Kendi kendini iyileştirme mekanizması öne çıkıyor
Teknoser Kurumsal Sistem Çözümleri Uzmanı Selim Selveroğlu’na göre, tekilleştirme teknolojilerinde çok da bahsedilmeyen madalyonun öteki yüzü var. Veriyi oluşturan parçalar disk üzerinde tek kopya saklandığı için risk oluşturduğunu ifade eden Selveroğlu, “Bu tek kopyada bir bozulma olursa verinin geri kalanı kullanılamaz durumda olacaktır.
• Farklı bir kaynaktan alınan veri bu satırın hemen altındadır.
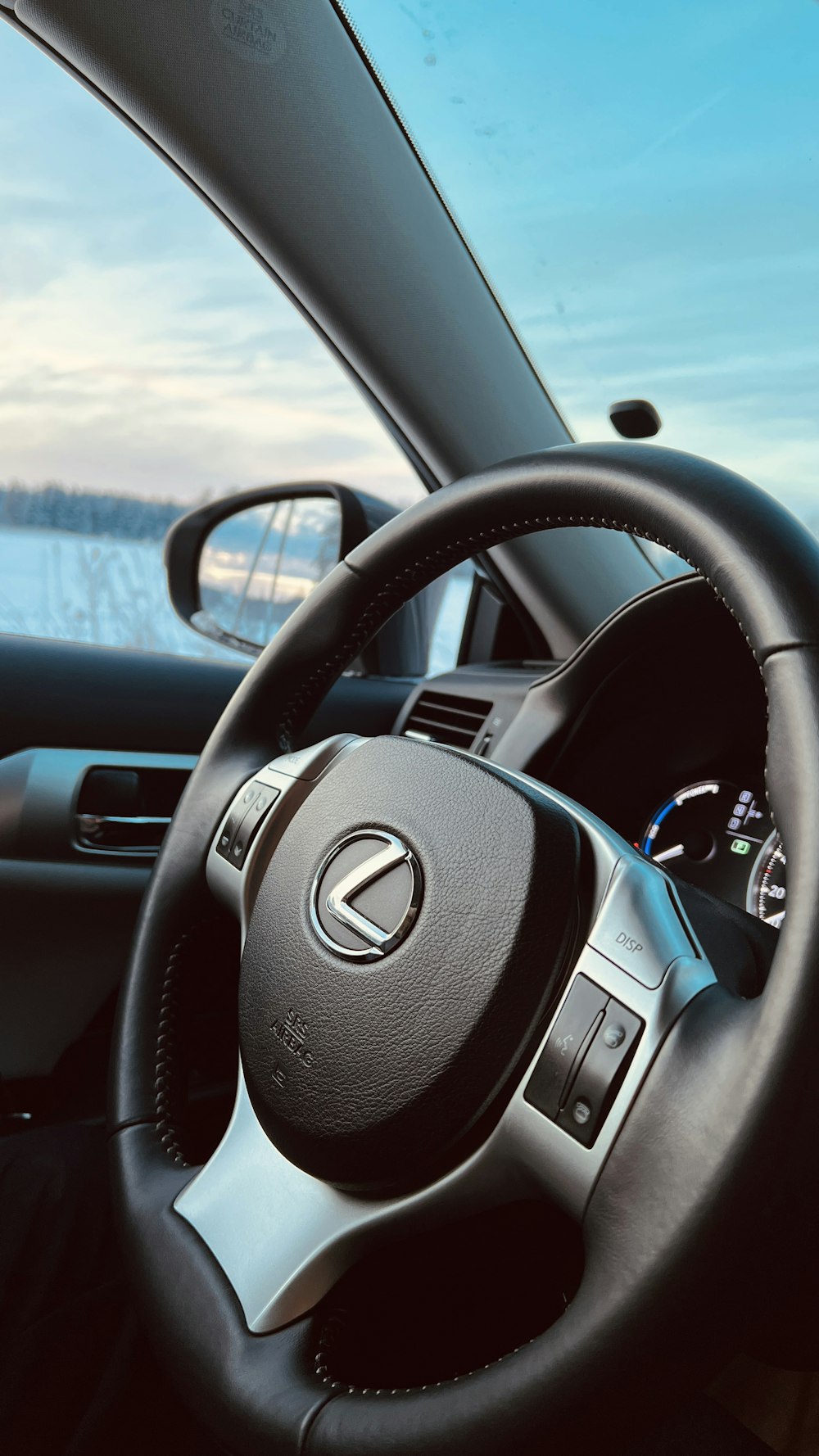 the interior of a car with a steering wheel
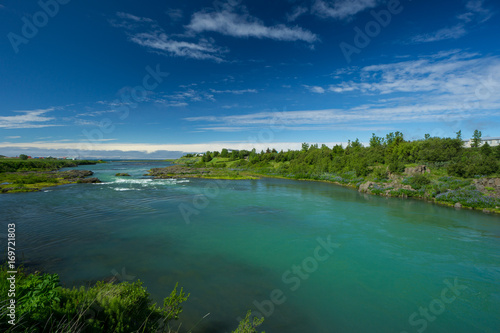 Iceland - Blue sky over turquoise river at estuary into the sea in blonduos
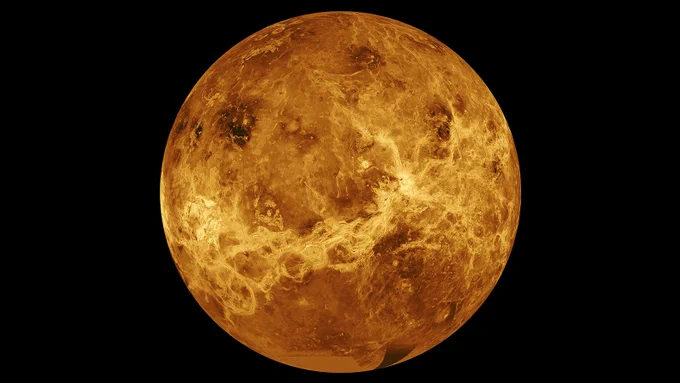 Composite image of Venus from space. The planet is a gold and dark orange mottled globe against a black background. Along the lower third, a lighter gold waving line cross from the lower left along to the center right. Darker patches appear across the upper part of the planet.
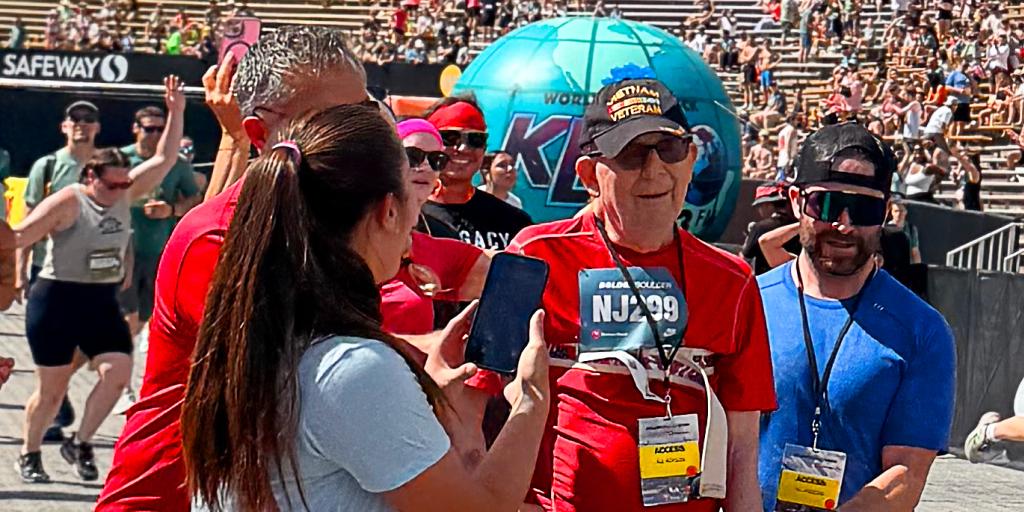 Woman taking photo of older veteran using motorized walker in front of crowd during race.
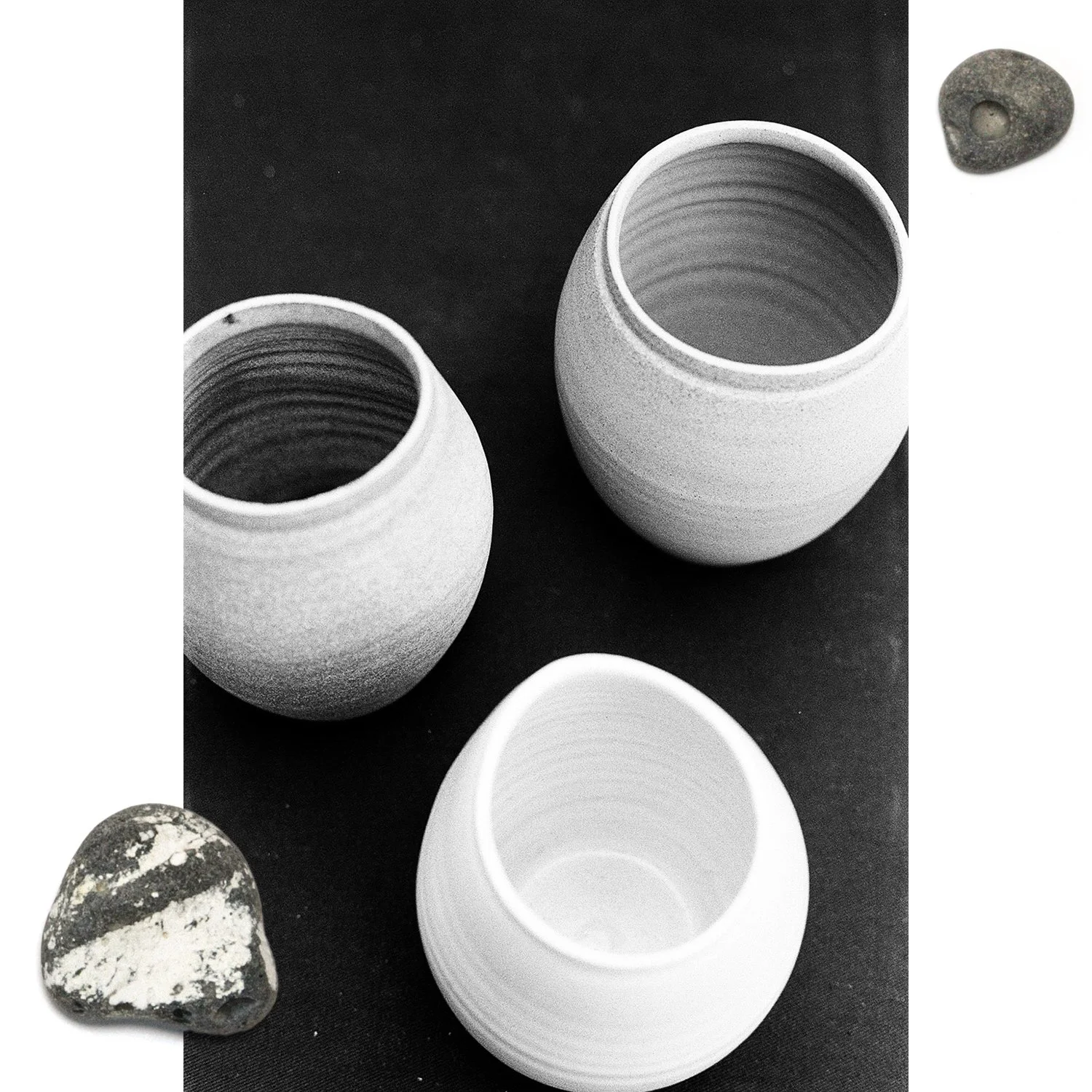 Two ceramic vases with textured surfaces, and two decorative stones, one marble and one dark with white streaks, on a black background.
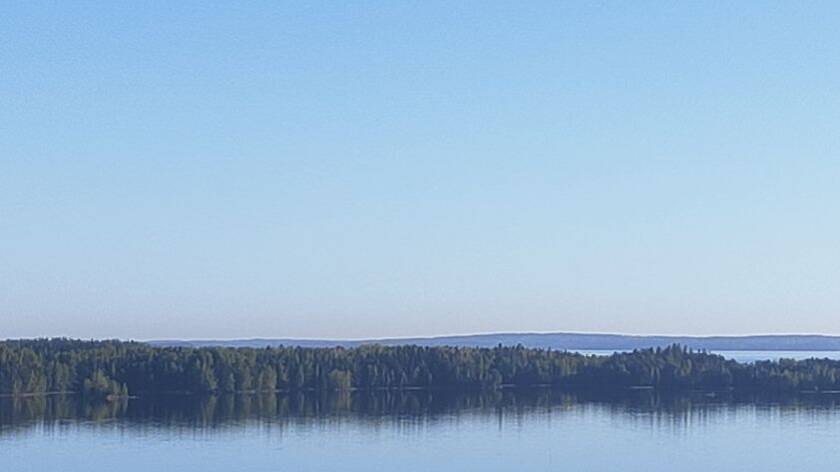 Sinistä taivasta, välissä metsäistä saarta, alareunassa sinistä järveä. Autereinen sininen.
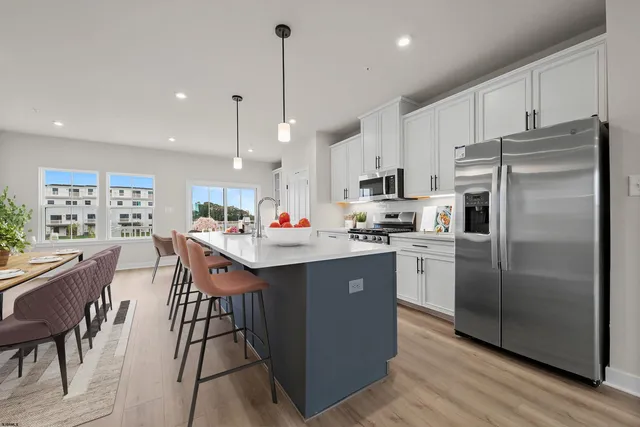 a kitchen with stainless steel appliances granite countertop a sink a stove a refrigerator and island with wooden floor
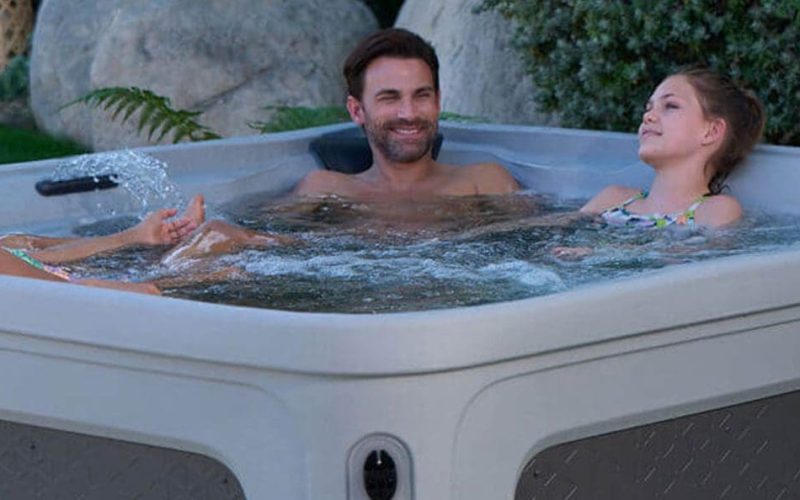 Four people relax and smile together in a square outdoor hot tub surrounded by greenery, with water bubbling gently around them.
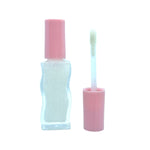 Swell Plumping lip plumper in wavy bottle in crystal pier color with wand #color_Crystal Pier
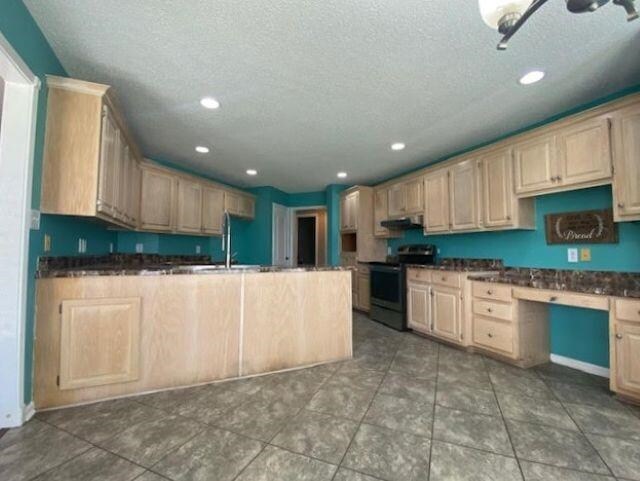  - kitchen featuring stainless steel electric range, dark countertops, a textured ceiling, a peninsula, and a sink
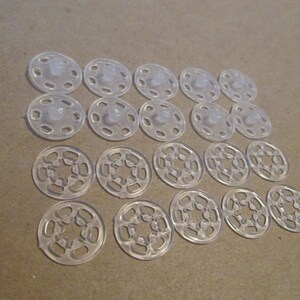 May include: A set of 18 clear plastic snap fasteners. The fasteners are arranged in two rows of nine. The fasteners are designed to be used for attaching fabric or other materials together.
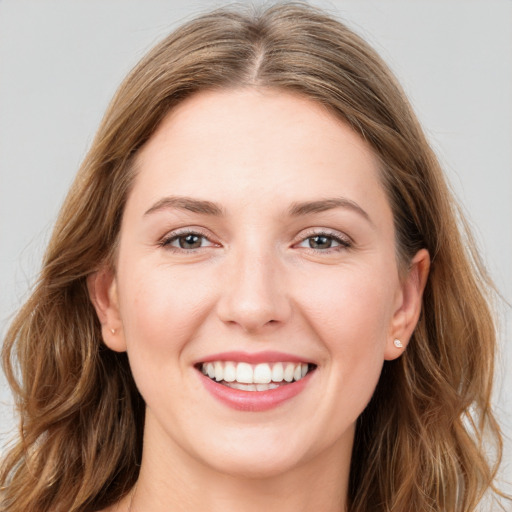 Joyful white young-adult female with long  brown hair and grey eyes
Bu nedenle tekilleştirme teknolojisini kullanan ürünleri seçerken kendi kendini iyileştirme (self-healing) mekanizması ve algoritması olan ürünlerin seçilmesi önem kazanmakta” dedi.
Tekilleştirme teknolojisi kullanılması durumunda, kullanılan sisteme göre değişmekle beraber, sistem arka planda bir indeks oluşturduğunu ifade eden Proline Teknik Müdürü İbrahim Erturan, “Bu indeksin bozulması durumunda veri kaybı oluşabilir. Bu açıdan bakılacak olursa iş kritik uygulamaların verilerinin depolandığı alanlarda tekilleştirme yapılması çok tavsiye edilen bir yöntem değildir. Ancak verinin CDP (Continuous Data Protection/Veri Sürekliliğinin Korunması) ile veya yedekleme yöntemleri ile korunması durumunda bu tarz veriler için de tekilleştirme önerilebilir” şeklinde özetledi.
Geri yükleme performansına dikkat edilmeli
Yedekleme performansı ve tekilleştirme oranlarına dikkat edilmesi gerektiğini ifade eden IBM Türk Teknoloji Lideri Kıvanç Uslu, geri yükleme performansının çok kritik bir konu olduğuna dikkat çekti ve mutlaka çözüm sürecinde değerlendirme kriterlerinden biri olarak ele alınması gerektiğini söyledi. Şirket olarak “tekilleştirme” adını verdiğimiz verilerin blok bazında incelenerek sadece bloklardaki değişikliklerin yedeklenmesini kullanıcılara sunduklarını aktaran Uslu, “Gerçekleştirdiğimiz pek çok TCO/ROI analizi uzun süreli arşivleme açısından en doğru katmanın halen teyp olduğunu gözler önüne sermektedir. Tekilleştirme altyapıları yedekleme ortamları ve kısa süreli arşivler için çok uygun olsa da uzun süreli arşivlerin teyplerde saklanması en verimli yöntem olarak kabul ediliyor” dedi.